- Input material -
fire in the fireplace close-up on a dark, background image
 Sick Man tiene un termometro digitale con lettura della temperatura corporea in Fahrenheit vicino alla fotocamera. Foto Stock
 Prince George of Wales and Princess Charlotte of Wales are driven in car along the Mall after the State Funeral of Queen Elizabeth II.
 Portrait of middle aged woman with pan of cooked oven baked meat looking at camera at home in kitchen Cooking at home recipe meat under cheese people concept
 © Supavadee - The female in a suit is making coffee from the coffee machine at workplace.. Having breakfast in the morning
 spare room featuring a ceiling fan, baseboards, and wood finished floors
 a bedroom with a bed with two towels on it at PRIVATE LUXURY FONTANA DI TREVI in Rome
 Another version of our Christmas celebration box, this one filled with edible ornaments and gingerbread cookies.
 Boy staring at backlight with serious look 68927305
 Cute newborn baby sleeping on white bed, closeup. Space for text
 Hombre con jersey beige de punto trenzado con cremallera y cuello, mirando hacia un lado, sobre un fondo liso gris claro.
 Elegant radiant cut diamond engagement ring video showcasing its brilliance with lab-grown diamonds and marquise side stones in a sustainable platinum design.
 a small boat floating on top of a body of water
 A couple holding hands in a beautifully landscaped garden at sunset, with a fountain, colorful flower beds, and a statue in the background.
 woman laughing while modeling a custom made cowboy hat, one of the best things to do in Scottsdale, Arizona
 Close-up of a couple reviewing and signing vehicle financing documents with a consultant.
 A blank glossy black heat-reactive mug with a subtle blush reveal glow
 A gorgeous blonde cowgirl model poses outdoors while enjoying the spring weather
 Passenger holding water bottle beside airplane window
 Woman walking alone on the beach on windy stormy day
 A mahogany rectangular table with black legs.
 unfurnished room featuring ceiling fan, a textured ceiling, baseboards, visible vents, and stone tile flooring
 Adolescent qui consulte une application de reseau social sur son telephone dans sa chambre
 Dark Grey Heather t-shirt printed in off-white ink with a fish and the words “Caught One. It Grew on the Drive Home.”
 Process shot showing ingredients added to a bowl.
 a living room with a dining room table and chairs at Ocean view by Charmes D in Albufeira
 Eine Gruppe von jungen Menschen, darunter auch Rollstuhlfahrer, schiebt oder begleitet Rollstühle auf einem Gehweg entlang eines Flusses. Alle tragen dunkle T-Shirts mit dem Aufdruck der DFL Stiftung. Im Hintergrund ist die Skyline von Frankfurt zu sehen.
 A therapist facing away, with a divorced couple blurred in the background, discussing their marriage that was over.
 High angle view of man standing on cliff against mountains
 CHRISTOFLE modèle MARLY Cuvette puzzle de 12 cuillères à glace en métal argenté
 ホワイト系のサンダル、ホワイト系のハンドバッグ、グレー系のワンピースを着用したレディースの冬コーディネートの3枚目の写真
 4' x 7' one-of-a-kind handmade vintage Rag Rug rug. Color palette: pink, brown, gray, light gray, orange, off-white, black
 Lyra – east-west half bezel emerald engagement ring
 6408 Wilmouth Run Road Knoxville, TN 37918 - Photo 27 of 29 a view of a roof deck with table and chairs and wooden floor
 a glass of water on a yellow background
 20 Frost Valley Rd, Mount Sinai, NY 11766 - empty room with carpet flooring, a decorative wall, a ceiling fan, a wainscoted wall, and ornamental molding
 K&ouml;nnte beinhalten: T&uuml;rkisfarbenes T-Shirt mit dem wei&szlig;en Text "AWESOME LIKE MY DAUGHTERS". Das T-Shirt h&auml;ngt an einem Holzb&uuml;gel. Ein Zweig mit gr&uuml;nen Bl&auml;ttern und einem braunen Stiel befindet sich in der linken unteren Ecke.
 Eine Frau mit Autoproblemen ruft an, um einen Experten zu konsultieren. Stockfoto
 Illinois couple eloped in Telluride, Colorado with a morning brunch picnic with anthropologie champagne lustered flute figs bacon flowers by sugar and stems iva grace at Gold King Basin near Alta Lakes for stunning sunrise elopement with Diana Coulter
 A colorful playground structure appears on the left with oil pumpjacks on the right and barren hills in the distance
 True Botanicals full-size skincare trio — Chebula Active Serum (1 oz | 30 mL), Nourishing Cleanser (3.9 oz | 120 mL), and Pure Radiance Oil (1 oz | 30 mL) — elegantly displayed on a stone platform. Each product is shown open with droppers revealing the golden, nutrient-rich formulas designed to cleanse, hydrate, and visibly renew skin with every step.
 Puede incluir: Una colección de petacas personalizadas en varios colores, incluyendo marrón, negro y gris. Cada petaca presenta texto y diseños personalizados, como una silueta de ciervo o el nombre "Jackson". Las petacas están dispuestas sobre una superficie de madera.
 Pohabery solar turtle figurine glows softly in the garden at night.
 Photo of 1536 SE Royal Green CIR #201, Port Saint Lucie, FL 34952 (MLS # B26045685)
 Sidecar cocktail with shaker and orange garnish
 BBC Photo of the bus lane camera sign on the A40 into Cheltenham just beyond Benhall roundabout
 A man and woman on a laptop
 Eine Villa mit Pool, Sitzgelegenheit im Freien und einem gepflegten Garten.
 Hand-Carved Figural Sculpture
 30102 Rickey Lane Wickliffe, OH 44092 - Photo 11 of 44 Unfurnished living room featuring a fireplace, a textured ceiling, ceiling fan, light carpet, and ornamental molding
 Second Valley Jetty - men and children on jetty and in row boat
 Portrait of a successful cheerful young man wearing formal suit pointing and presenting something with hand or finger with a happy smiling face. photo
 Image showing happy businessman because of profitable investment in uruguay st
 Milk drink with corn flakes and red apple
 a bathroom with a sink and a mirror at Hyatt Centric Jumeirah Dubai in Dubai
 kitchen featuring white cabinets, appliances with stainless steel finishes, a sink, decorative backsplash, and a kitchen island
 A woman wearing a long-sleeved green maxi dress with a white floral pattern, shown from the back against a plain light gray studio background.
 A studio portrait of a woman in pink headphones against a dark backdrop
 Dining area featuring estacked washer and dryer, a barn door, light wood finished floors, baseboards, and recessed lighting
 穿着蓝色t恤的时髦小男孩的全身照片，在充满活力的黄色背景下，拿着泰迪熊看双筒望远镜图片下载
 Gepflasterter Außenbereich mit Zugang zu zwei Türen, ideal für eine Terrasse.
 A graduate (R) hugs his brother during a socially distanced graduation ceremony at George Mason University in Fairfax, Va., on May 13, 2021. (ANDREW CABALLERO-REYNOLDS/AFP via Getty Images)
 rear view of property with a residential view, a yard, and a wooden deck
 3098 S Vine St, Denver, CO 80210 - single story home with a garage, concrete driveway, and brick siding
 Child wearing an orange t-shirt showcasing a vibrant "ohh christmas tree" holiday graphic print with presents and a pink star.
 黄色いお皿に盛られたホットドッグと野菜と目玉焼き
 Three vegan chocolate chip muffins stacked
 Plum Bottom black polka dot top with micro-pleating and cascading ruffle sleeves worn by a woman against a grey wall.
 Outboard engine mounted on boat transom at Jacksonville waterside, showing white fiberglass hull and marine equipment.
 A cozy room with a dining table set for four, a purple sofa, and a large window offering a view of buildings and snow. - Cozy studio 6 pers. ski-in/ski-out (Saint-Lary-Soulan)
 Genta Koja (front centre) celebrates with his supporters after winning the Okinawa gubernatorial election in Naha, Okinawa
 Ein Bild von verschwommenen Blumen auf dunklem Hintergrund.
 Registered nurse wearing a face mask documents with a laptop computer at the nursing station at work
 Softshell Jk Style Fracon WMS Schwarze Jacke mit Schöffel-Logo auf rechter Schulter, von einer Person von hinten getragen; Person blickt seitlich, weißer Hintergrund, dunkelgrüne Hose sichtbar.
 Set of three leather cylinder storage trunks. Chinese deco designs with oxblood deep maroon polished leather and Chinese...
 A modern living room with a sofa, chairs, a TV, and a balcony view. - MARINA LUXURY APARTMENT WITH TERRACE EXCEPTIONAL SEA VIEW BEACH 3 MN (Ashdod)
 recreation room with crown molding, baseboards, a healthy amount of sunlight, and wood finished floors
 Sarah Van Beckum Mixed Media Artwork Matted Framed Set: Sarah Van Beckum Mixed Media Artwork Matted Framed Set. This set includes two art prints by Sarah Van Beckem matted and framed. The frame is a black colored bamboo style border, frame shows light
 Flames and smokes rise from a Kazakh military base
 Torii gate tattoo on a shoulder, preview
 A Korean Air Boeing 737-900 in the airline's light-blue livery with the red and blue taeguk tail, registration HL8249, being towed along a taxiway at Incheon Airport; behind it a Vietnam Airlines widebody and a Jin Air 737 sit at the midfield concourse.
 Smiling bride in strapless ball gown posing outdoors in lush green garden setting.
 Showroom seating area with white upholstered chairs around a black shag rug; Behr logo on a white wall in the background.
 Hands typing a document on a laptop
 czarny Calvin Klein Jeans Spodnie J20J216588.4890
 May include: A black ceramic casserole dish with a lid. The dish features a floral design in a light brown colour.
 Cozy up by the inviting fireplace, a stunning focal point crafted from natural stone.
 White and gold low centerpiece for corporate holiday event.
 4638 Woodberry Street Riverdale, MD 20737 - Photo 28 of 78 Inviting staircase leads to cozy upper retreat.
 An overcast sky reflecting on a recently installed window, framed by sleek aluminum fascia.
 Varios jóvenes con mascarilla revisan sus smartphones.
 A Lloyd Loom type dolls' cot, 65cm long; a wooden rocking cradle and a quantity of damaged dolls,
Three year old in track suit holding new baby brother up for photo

- Activity -
Scan the material above for the word "gris", and copy every line in which it is found.

- Solved exercise -
 Hombre con jersey beige de punto trenzado con cremallera y cuello, mirando hacia un lado, sobre un fondo liso gris claro.
 Puede incluir: Una colección de petacas personalizadas en varios colores, incluyendo marrón, negro y gris. Cada petaca presenta texto y diseños personalizados, como una silueta de ciervo o el nombre "Jackson". Las petacas están dispuestas sobre una superficie de madera.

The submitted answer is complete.